UTOPIA! Everybody Should Have Free Health Care!

Utopia:  An impractical scheme for social improvement.

If you’ve been gathering petition signatures to refer the expansion of Arizona’s Medicaid program to the ballot, you’ve heard some people smugly respond, "I’m for ObamaCare"!  I think everybody should have free health care."  Sometimes they will cite how their friends in England and Canada love their health care system, and how their government-run emphasis on preventive care catches diseases before they grow serious enough to require drastic medical intervention.

What they don’t talk about is how the National Health Service cares for people when they are sick, or how long they have to wait for an appointment to treat illnesses.  Keep in mind that most people are healthy anyway.  So, if your friends haven’t been really sick, how would they know how good their medical system is?

Having a health care system available doesn’t mean you have timely access to it.   

Also, for those who say, "ObamaCare is not a single-payer system," know this:  The ultimate goal of Obamacare was and is to get rid of all the thousands of people who work for insurance companies, put them out of business, and have the government run our health care system, just like in England.  

Because these lovers of ObamaCare are impervious to statistics and reality, here is some information for you:
 

Waiting too long for an MRI or CT Scan Not due to Doctors Ordering too Many: BCMJ Study

"Patients in BC wait up to a year for routine MRI scans and Eddy said there’s no doubt in his mind that some problems are not diagnosed early enough.

“Do waiting lists cause harms like missed brain and spinal cord tumours? We know we’re missing some of these diagnoses.”

Britain gives America a Preview of ObamaCare:

"Last month, Sir Bruce Keogh, medical director of the NHS, issued a forensic report, commissioned by the government, which found that 14 underperforming hospitals in England had substandard care, contributing to the needless deaths of nearly 13,000 people since 2005.

"Earlier this year, it was reported that a single hospital in Staffordshire recorded 1,400 ‘excess’ deaths.

"The lack of adequate nursing staff, cuts to elder care budgets and a rise in immigrant populations are a few of the factors that have exacerbated the problem."

The Canadian Patients’ Remedy for Health Care:  Go to America!

"And wait patients must. A hospital survey of five countries (United States, Canada, New Zealand, United Kingdom and Australia), conducted by Robert Blendon and colleagues in Health Affairs found that “waits of six months or more for elective surgeries were reported to occur ‘very often’ or ‘often’ by 26–57 percent of executives in the four non-U.S. countries; only 1 percent of U.S. hospitals reported this. Half of all Canadian hospitals reported an average waiting time of over six months for a 65-year-old male requiring a routine hip replacement; no American hospital administrators reported waits this long."

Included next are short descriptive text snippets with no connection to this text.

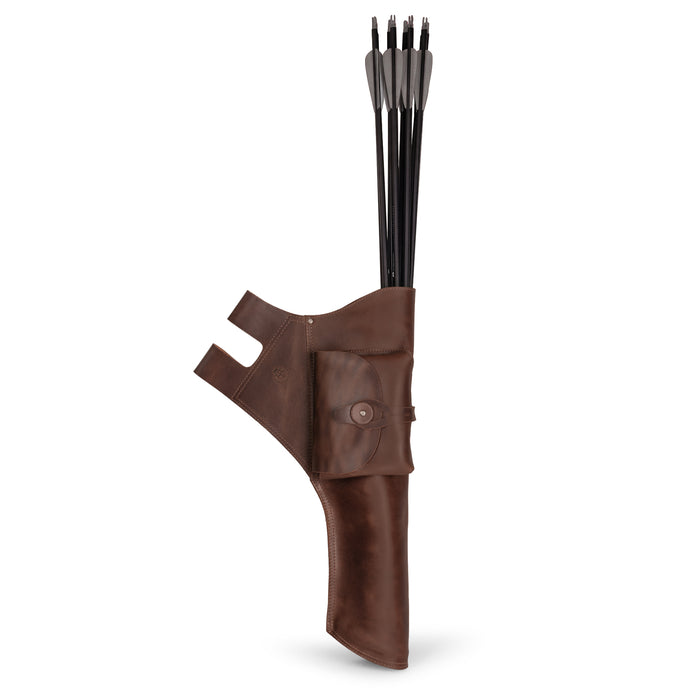 The Bowman, Hip Quiver by Valhalla Gear designed for archery, this versatile Waist Quiver for Target Archery includes a sleek design that functions as a side bag for arrows. Crafted from full grain leather, this quiver is a carrier for archers who appreciate artisan quality. It embraces small batch production and features hand cut, hand sewn details, proudly handmade in La Antigua Guatemala & Oaxaca Mexico.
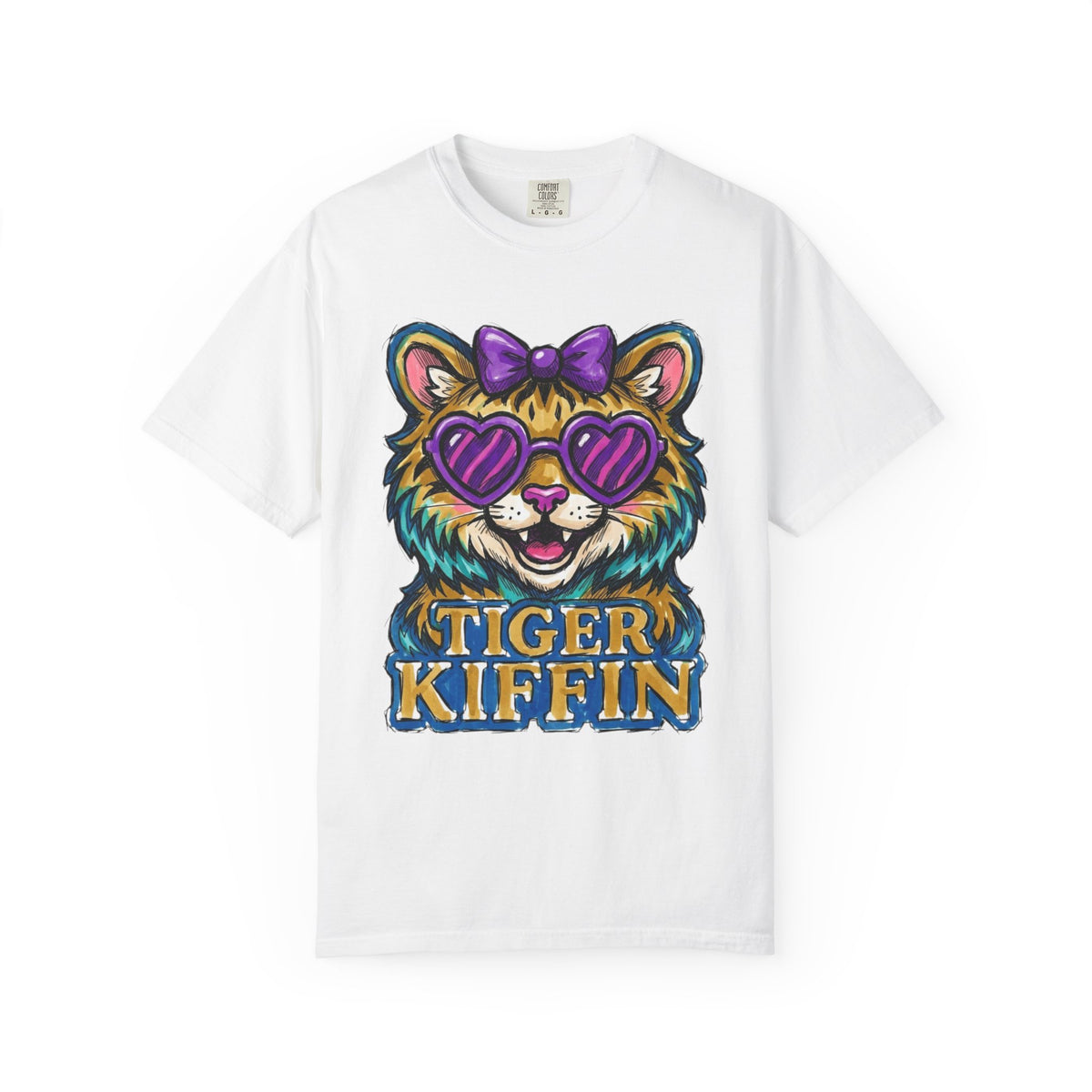 Tiger Kiffen Adult Bow Unisex Garment-Dyed T-shirt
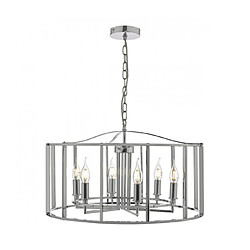 Luminaire Center Suspension Myka Chrome poli 6 ampoules 36cm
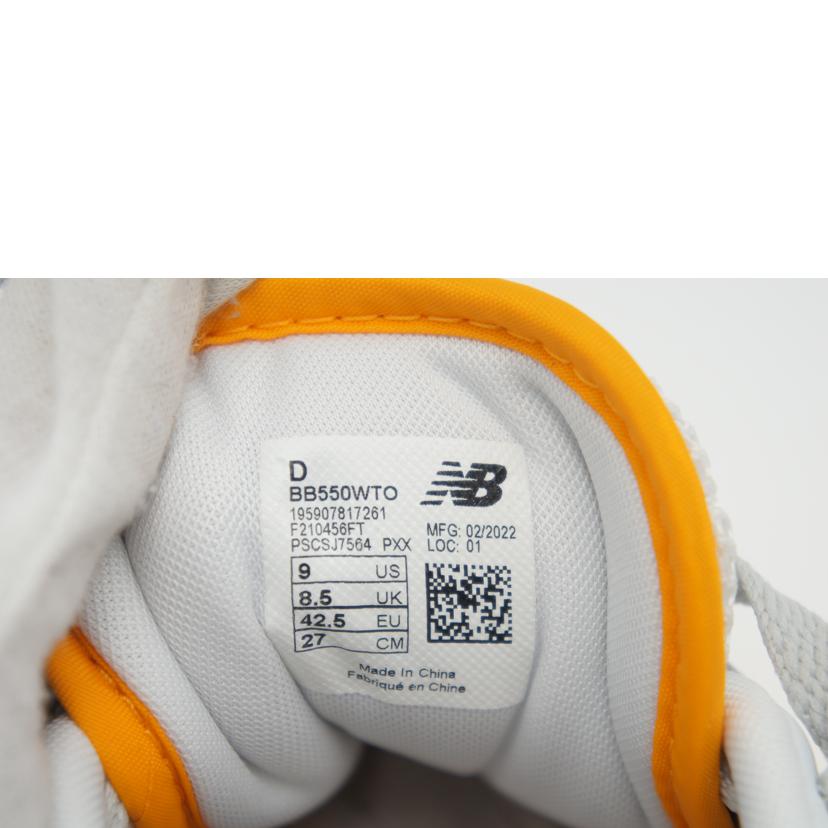 NB ニューバランス/550／イエロー/BB550WTO//ｻｲｽﾞ:27cm/Aランク/75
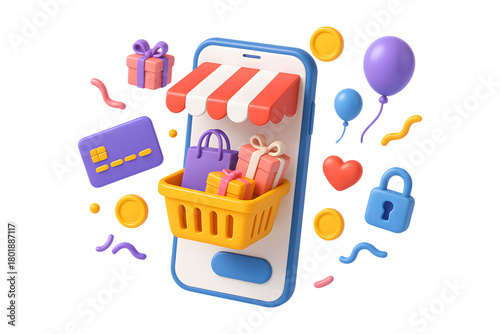 3d icon of online shopping on mobile phone with gift box and credit card isolated on transparent background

US vs UK:  The Breast Cancer Survival Stakes.

"But five-year survival rates for all forms of the disease – including the most advanced – stand at 85 per cent in the U.S and just under 74 per cent in the UK. If the cancer is caught early – at what doctors call stage 1 – the differences in survival are even more shocking.

"An American woman has a 97 per cent chance of being alive five years after diagnosis.

"In Britain, this figure is only 78 per cent."

Facts About America’s Health Care Quality that the World Doesn’t Know

"To justify more government control of America’s health care, ObamaCare supporters frequently assert that access to and quality of health care in the United States are poor. However, the facts from source documents and medical journals show that Americans enjoy superior access to care compared to nationalized systems, the very systems put forth as models for ObamaCare — whether defined by wait-times for diagnosis, treatment, or specialists; timeliness of surgery; access to screening; or availability of medical technology and drugs. The separate issue of quality of care also demands analysis of objective data – and that means data from peer-reviewed medical journals, rather than subjective “rankings” and surveys by advocacy groups."